_EXERCISE MATERIALS_.
[Start of section]
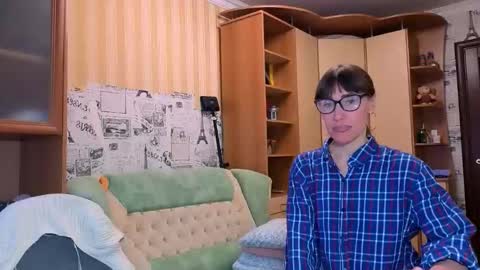 cute_lion_ online show from 29, 3, 2026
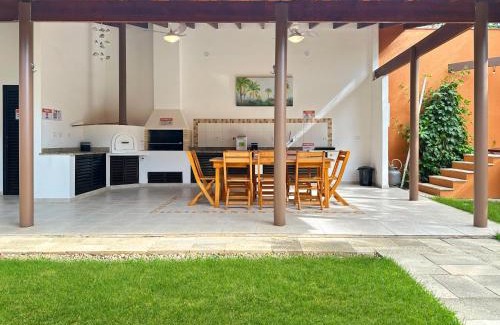 Guaruja House | 200m do mar 1 Suite Jacuzzi Churrasq Varanda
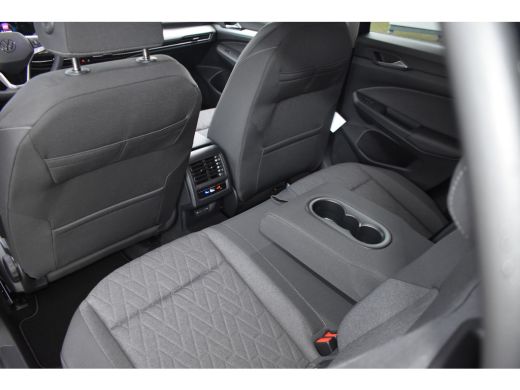 Volkswagen Golf Life Edition eHybrid TREKHAAK | APP. CONNECT | ADAPT. CRUISE | STOELVERWARMING |DAB | LED ActivLease financial lease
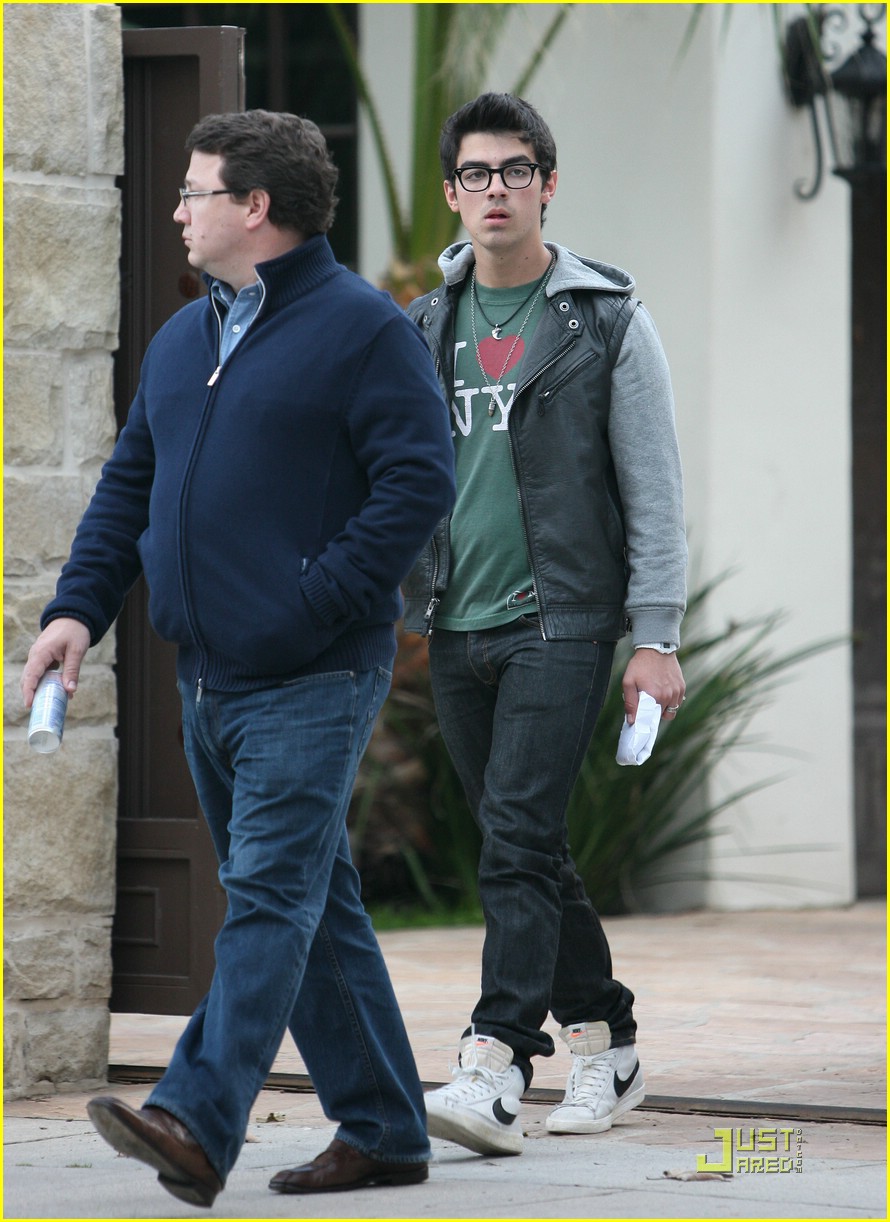 Joe & Paul Jonas Tour Toluca Lake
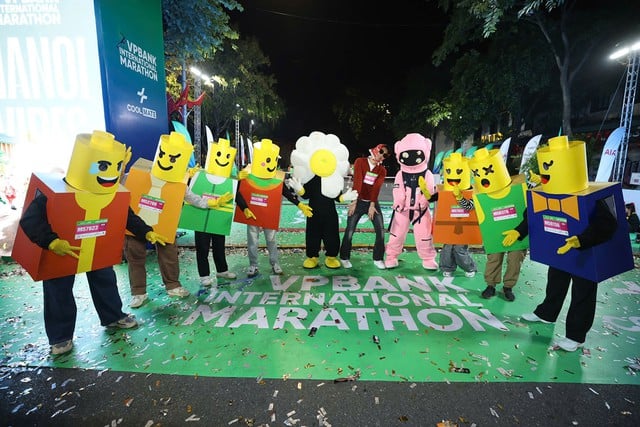 VPBank Hanoi International Marathon 2025: ແຂ່ງຂັນເພື່ອແຜ່ນ້ຳໃຈສຸຂະພາບແຂງແຮງ ແລະ ການດຳລົງຊີວິດທີ່ຈະເລີນຮຸ່ງເຮືອງ - ຮູບທີ 7. VPBank Hanoi International Marathon 2025: Giải chạy lan tỏa tinh thần sống khỏe, sống thịnh vượng- Ảnh 7.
[End of section]
_YOUR ASSIGNMENT_. The expected output is every entry above, character for character, with no pictures.

_SOLUTION BELOW_.
 cute_lion_ online show from 29, 3, 2026
 Guaruja House | 200m do mar 1 Suite Jacuzzi Churrasq Varanda
 Volkswagen Golf Life Edition eHybrid TREKHAAK | APP. CONNECT | ADAPT. CRUISE | STOELVERWARMING |DAB | LED ActivLease financial lease
 Joe & Paul Jonas Tour Toluca Lake
 VPBank Hanoi International Marathon 2025: ແຂ່ງຂັນເພື່ອແຜ່ນ້ຳໃຈສຸຂະພາບແຂງແຮງ ແລະ ການດຳລົງຊີວິດທີ່ຈະເລີນຮຸ່ງເຮືອງ - ຮູບທີ 7. VPBank Hanoi International Marathon 2025: Giải chạy lan tỏa tinh thần sống khỏe, sống thịnh vượng- Ảnh 7.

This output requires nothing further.